O historiador lembra que a Igreja amazônica avançou e realizou uma evangelização libertadora. Plenificou sua presença chão amazônico, quando em Manaus (1997), se declarou como a Igreja que arma sua tenda na Amazônia, ensejando assumir-se uma Igreja com rosto amazônico. E comprometeu-se a tornar-se ianomâmi com os ianomâmi, seringueiros com os seringueiros. Mais recentemente, a Igreja se declarou discípula missionária na Amazônia (2007).

Contexto atual dos povos da Amazônia

Raimundo Possidônio lembra que realidade atual socioeconômica e política impressiona pela agregação de diferenças sociais, culturais e econômicas na região Amazônica. "Na vastidão da Amazônia vivem povos indígenas, habitantes ancestrais com sua cosmovisão própria, diversidade de línguas e de culturas milenares, alguns vivendo em suas terras e outros tantos vivendo nas cidades, sofrendo as agruras de um meia cidadania sem chances de viver a dignidade plena.

Outro segmento significativo são os ribeirinhos, os povos das águas, que sobrevivem do extrativismo, da agricultura familiar, da caça e da pesca: são os habitantes da várzea amazônica, da beira dos rios, furos e igarapés", contextualiza, o historiador". No entanto, lembra ainda, que há os que vivem em outro ecossistema amazônico, a terra firme, composto de florestas altas e densas, as savanas, os cerrados e os campos naturais, que vivem e sobrevivem do extrativismo e da agricultura de subsistência.

Destaca também o fenômeno da urbanização, rápido e violento. "Costumo dizer que nosso povo é um povo que caminha peregrino nas estradas de um mundo desigual. É um povo que se move rio abaixo rio acima à procura de vida melhor", descreve. E conclui que o grande resultado desses "êxodos em busca da terra prometida" ou da "terra-sem-males" é o crescimento do fenômeno da urbanização na região.

A Igreja que está na Amazônia

"A Igreja tem sido a expressão de uma caminhada que responde ao kayrós divino que impulsiona o povo de Deus em vista de implantar o seu Reinado nessas bio-sócio-diversidades. A realidade amazônica, uma região que se move, em muitos lugares ainda ao ‘ritmo da canoa', exige que a Igreja caminhe junto com seu povo, com o seu ritmo", conclama Possidônio.

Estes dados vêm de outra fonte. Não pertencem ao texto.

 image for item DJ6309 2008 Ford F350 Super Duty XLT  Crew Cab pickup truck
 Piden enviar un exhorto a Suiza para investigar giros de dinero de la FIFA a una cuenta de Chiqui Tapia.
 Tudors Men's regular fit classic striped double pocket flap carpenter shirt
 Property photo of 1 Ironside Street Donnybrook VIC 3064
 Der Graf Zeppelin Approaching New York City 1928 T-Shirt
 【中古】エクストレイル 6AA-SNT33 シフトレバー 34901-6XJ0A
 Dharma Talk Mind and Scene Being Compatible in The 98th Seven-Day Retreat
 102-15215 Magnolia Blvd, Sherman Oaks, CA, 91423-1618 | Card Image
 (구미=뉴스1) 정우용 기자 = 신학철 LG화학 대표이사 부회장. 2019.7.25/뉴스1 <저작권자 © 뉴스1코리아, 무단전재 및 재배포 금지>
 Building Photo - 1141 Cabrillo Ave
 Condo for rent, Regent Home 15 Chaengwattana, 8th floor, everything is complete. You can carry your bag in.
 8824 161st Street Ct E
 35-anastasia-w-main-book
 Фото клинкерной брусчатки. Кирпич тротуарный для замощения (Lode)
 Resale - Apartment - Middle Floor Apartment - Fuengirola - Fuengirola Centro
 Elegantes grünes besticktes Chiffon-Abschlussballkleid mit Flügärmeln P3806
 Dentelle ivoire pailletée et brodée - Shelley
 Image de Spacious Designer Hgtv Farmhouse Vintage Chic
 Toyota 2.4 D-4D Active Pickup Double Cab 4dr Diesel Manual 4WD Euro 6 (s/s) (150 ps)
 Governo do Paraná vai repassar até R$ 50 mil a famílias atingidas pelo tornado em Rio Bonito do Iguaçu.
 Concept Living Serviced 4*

O historiador ressalta a presença de leigos e leigas, padres, bispos, diáconos, religiosas e religiosas que assumiram a mística do verdadeiro Discípulo Missionário do Senhor, enfrentam o sol e o calor, as chuvas e as enchentes, doenças e a morte, a precariedade da alimentação e dos meios, estradas sem condições de trafegabilidade e de barco, de carro, canoa, bicicleta, moto ou a pé, percorrem longas distâncias para se chegar a uma pequena comunidade onde pessoas sedentas de Deus estão à espera, para a celebração dos Sacramentos ou da Palavra. "Estes quadros da Igreja não parecem suficientes para a grandiosidade dos desafios. Mas não se pode deixar de relatar que estão dando conta das exigências que a evangelização e o programa pastoral exigem, apesar das dificuldades e limites", adverte.

Esperança que impulsiona

"Não podemos perder de vista que a Igreja na Amazônia está inserida num contexto eclesiológico mais amplo que é a Igreja no continente americano e caribenho. Por isso, ao concluir essa reflexão, não poderia deixar de destacar que a vivência eclesial em nossa região encontra-se em plena correspondência ao tema da V Conferência Episcopal Continental realizada em Aparecida, e que gerou o Documento de Aparecida", recorda Possidônio.

Possidônio sugere que a vida das paróquias precisa girar não só em torno do eixo doutrinal-sacramental-clerical, mas, igualmente, do eixo da Palavra, formando mais intensamente discípulos missionários, em grande quantidade, para essa nova configuração e, sobretudo, apoiar e criar novas comunidades eclesiais de base com missionárias que, se sentirem apoiadas e alimentadas, serão a esperança de mudanças e transformações profundas na eclesialidade amazônica, pois correspondem melhor ao apelo da missionariedade.

"Aqui se encontra, a meu ver, a grande intuição da V Conferência de Aparecida, envolver toda a Igreja numa grande missão continental, missão essa que pode e deve ser articulada, integrada, compartilhada".

O Encontro Rede Eclesial Pan-Amazônia se encerra nesta sexta, Às 15h.